Nieudolne przestępstwo

Jak się okazuje, prokuratura zajmuje się sprawą mieszkańca Wsoli już od kilku miesięcy. - Prokuratura Radom-Zachód prowadzi postępowanie przeciwko 48-letniemu mieszkańcowi Wsoli, które dotyczy nieudolnego usiłowania przestępstwa z art. 200a, par. 2 Kodeksu karnego, a więc dotyczącego nawiązywania kontaktów za pośrednictwem sieci internetowej z małoletnimi poniżej 15. roku życia i proponowania im czynności o charakterze seksualnym - mówi Agnieszka Borkowska, rzeczniczka Prokuratury Okręgowej w Radomiu.
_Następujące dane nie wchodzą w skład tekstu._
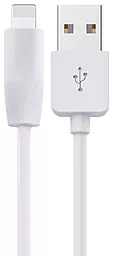 USB Кабель Hoco X1 Rapid Charging Lightning Cable 2M White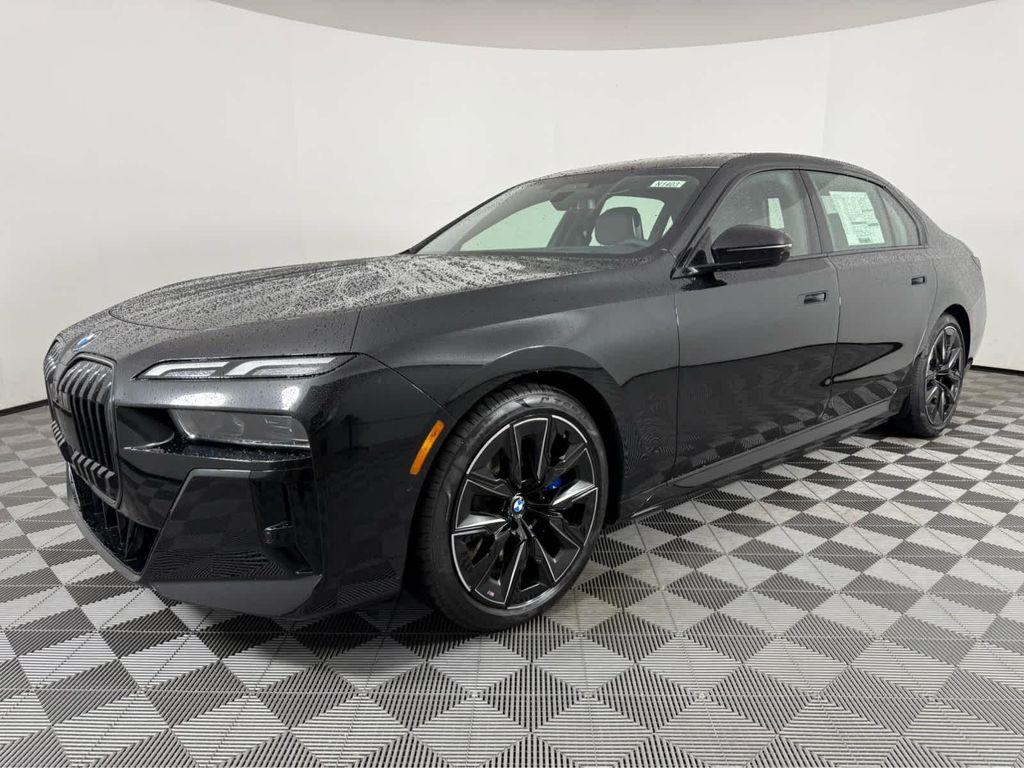 new 2026 BMW i7 car, priced at $118,735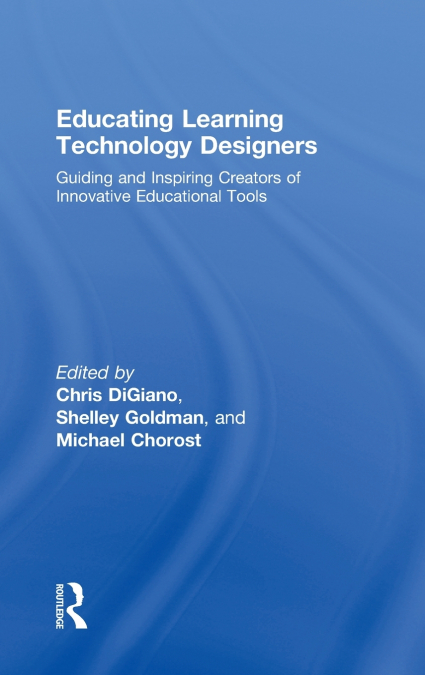 Educating Learning Technology Designers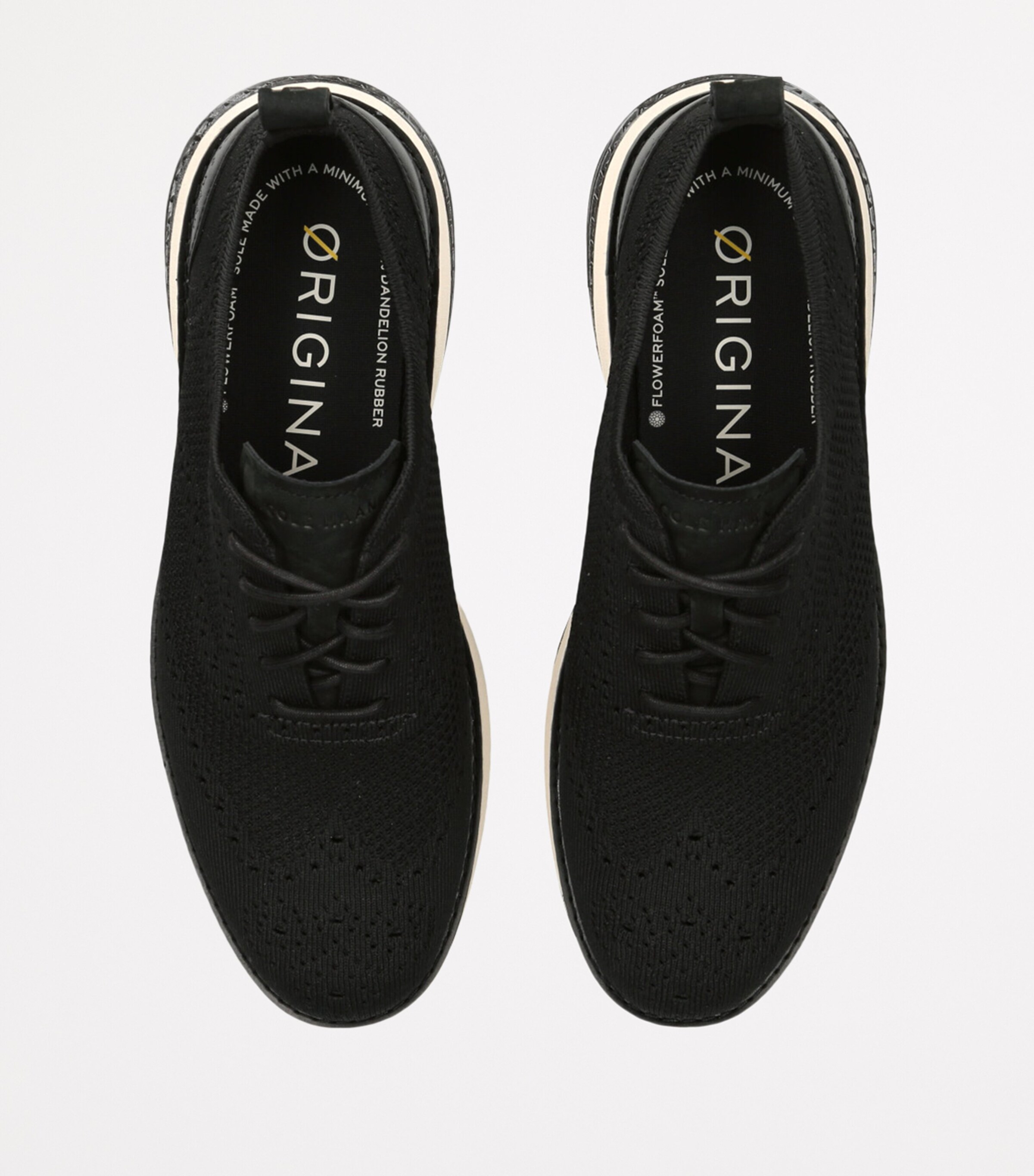 ØriginalGrand Energyweave Stitchlite Oxford Sneakers BLACK Image 4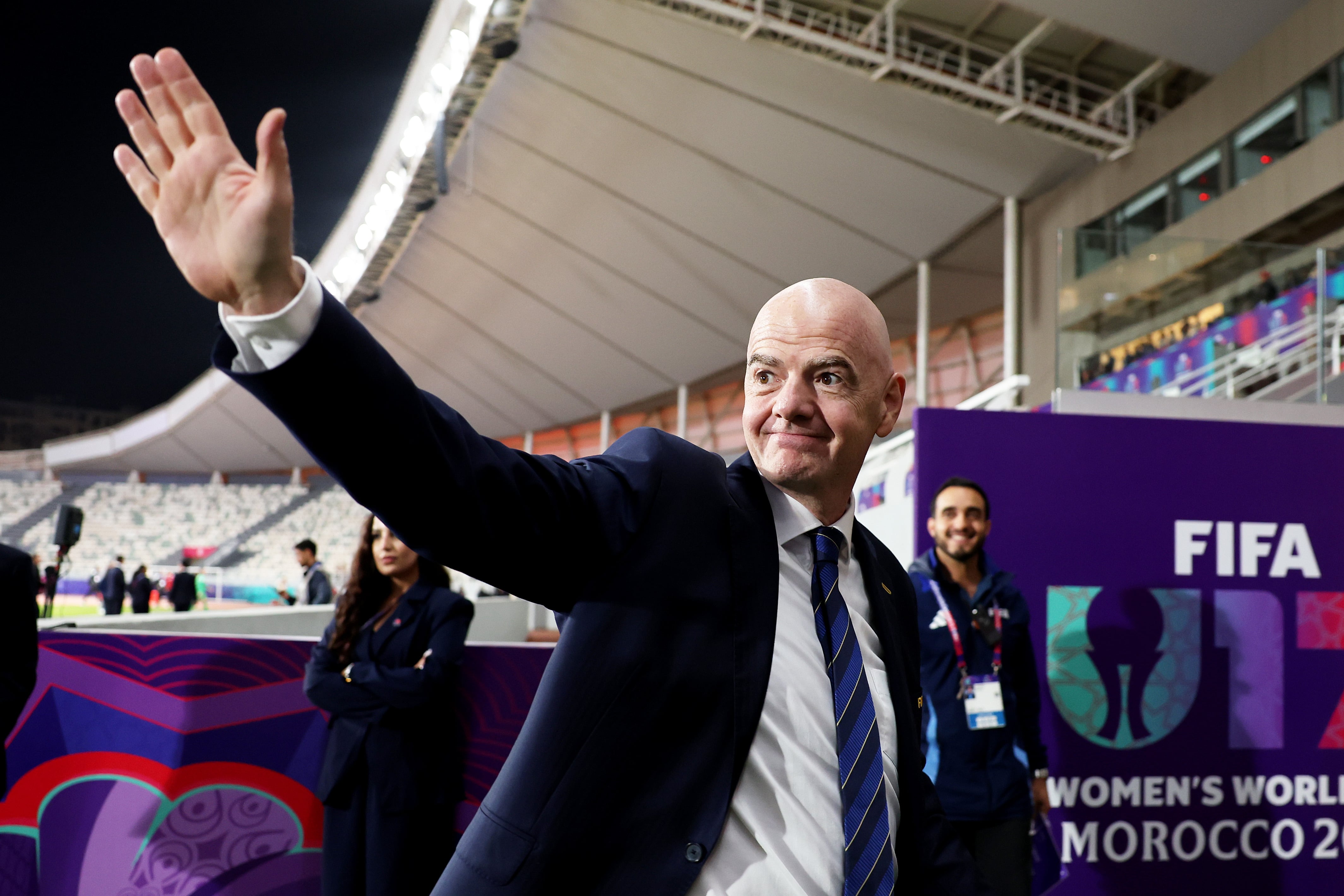 Gianni Infantino, presidente de Fifa.
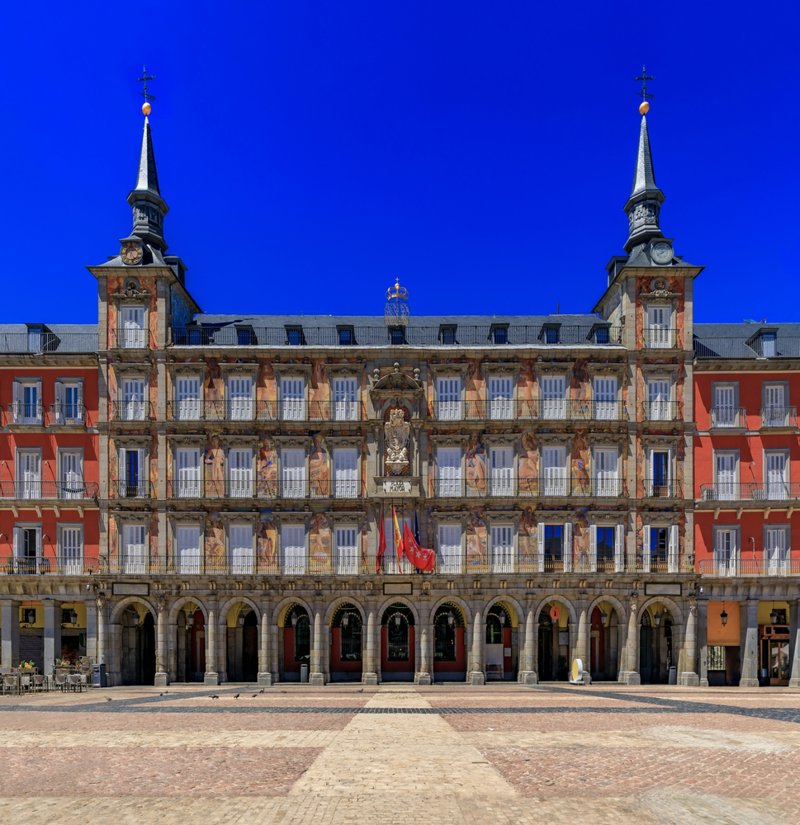 Βόλτα στη Πλάθα Μαγιόρ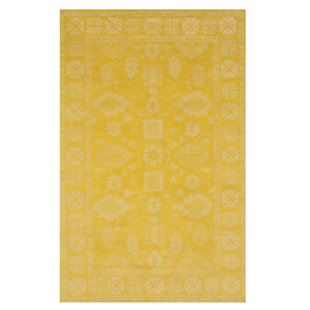 CANORA GREY Charis Hand Tufted Wool Oriental Indoor Rug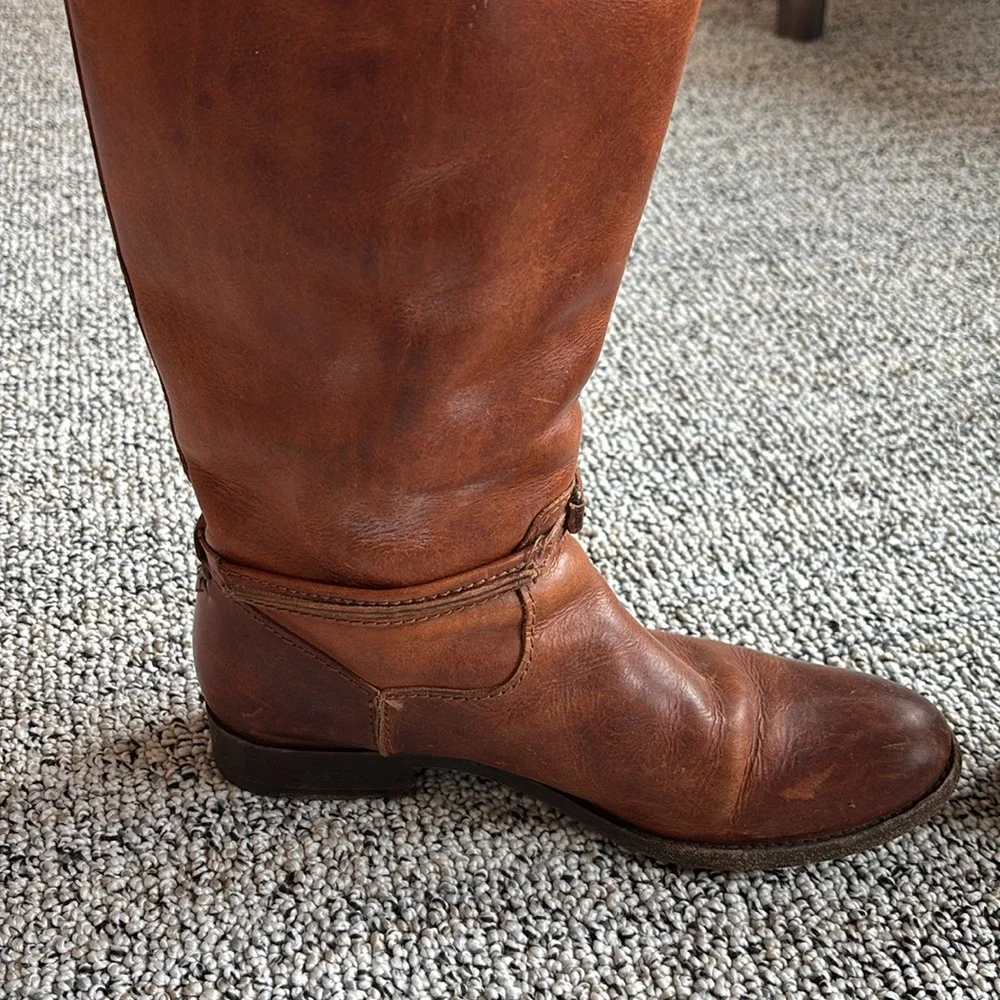 Frye tall boots size 8 - Picture 4 of 12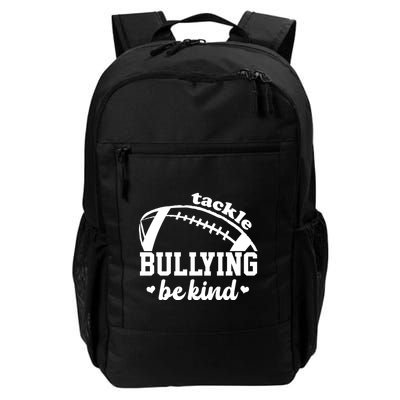 Tackle Bullying Be Kind Football Awareness Backpack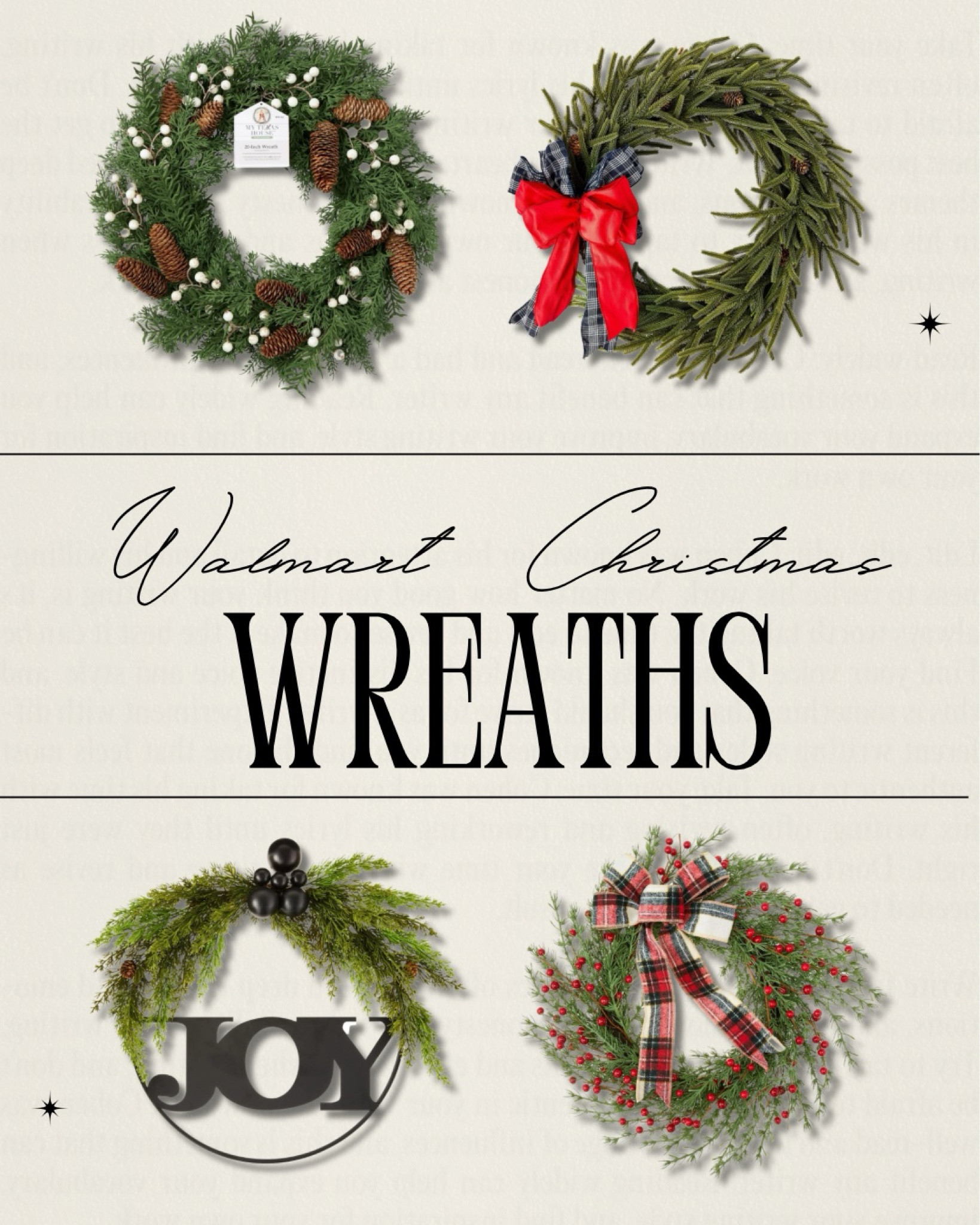 Wreaths for Christmas 🎅🏼 

#LTKhome #LTKSeasonal #LTKHoliday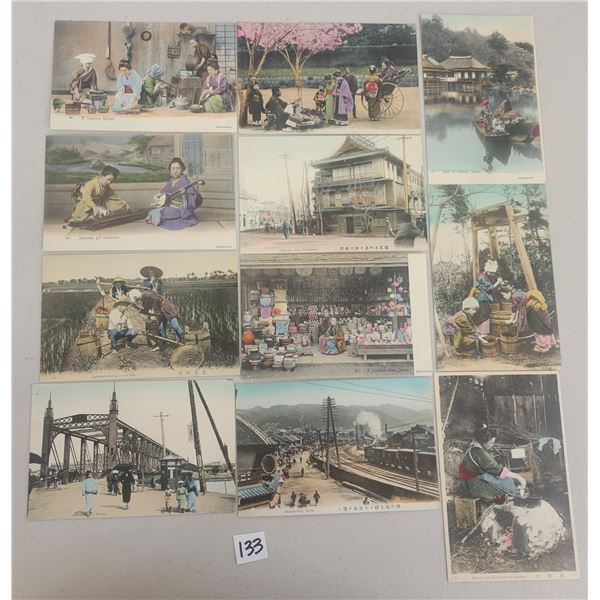 Japanese Hand Color Like Postcards 95+
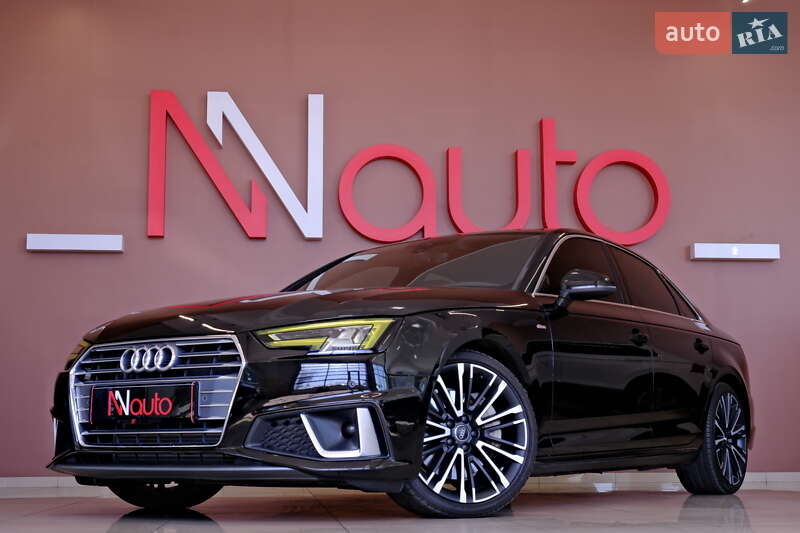 Седан Audi A4 2019 в Одессе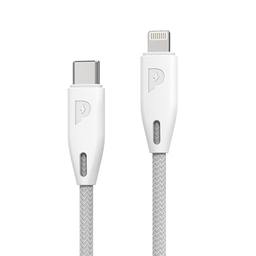 کابل شارژ تایپ سی به لایتنینگ 2 متر پاورولوژی (Powerology) مدل pcab002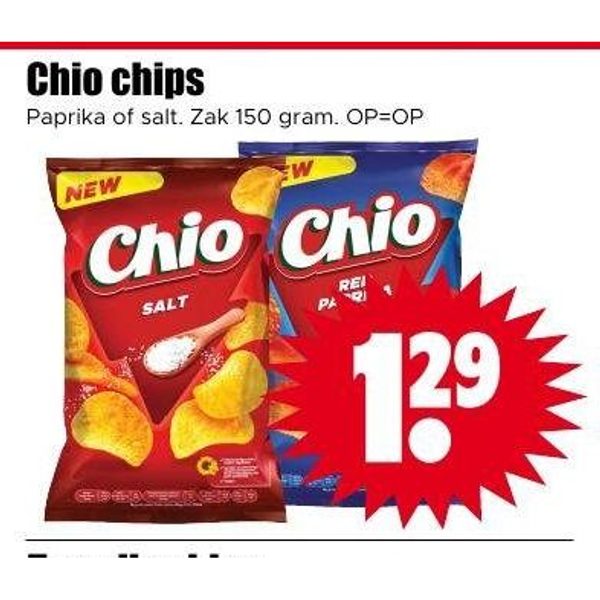 Chio chips
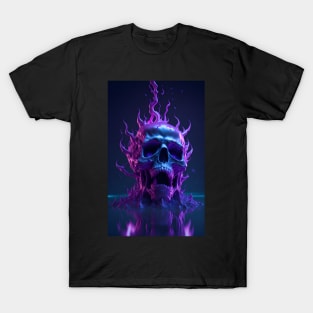 Surreal Mystic Skull T-Shirt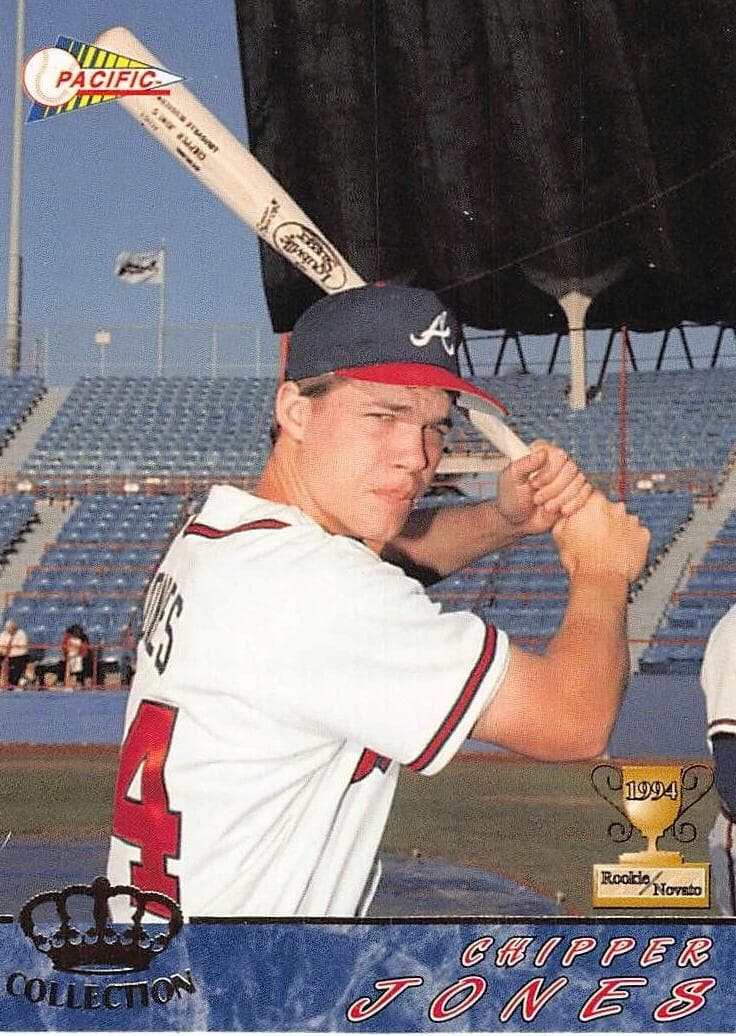Chipper Jones 1994 unknown Pacific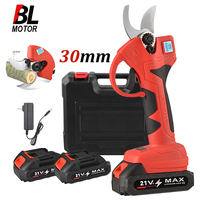 30MM Brushless Electric Cutting Scissor Pruning Shears 600W Cordless Rechargeable Pruning Shears Power Tool For Makita 18V Batte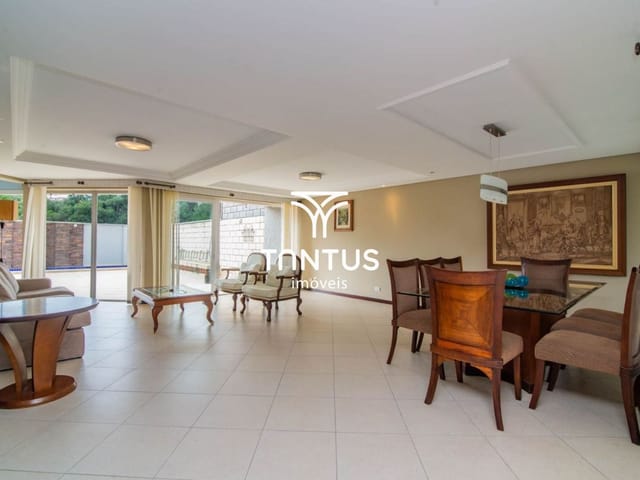 Casa com 396m² 4 quartos e 4 banheiros, à venda, no bairro Bacacheri em Curitiba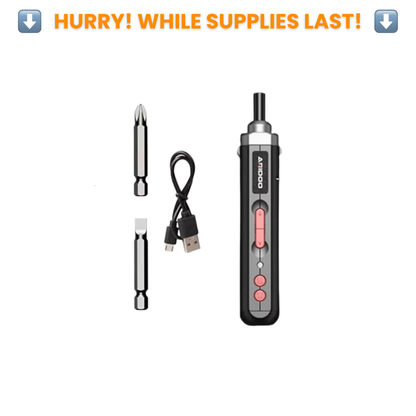 Cordless USB Portable Screwdriver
Jak dodaje, pierwsze zrzuty podejrzany usłyszał we wrześniu ubiegłego roku, a teraz zostały one uzupełnione o kolejne zdarzenia. - W efekcie podejrzany stoi pod czterema zarzutami. Po dokonaniu czynności z udziałem 48-latka zwolniony - potwierdza wcześniejsze informacje fundacji prokurator Borkowska.

Nie ma pokrzywdzonego

Rzeczniczka wyjaśnia też, dlaczego nie były stosowane przeciwko podejrzanemu żadne środki zapobiegawcze. - Analiza zgromadzonego materiału dowodowego wykazała, że nie zachodzą tutaj przesłanki wskazane w Kodeksie postępowania karnego, które uzasadniają stosowanie takich środków w toku postępowania. Czyn jest zagrożony karą do dwóch lat pozbawienia wolności. Nie ma obawy ani ucieczki, ani ukrycia się podejrzanego, nie ma też możliwości ingerowania podejrzanego na pokrzywdzonego, bowiem w tej sprawie nie mamy żadnego pokrzywdzonego - tłumaczy rzeczniczka Prokuratury Okręgowej. Mocno podkreśla, że podejrzany nawiązując w sieci kontakt z osobą był przekonany, że jest to osoba poniżej 15. roku życia. Natomiast w rzeczywistości byli to przedstawiciele stowarzyszeń, które wyszukują zagrożenia dla małoletnich w sieci. - To przestępstwo nie mogło być zrealizowane, ponieważ nie było małoletniego - zaznacza nasza rozmówczyni.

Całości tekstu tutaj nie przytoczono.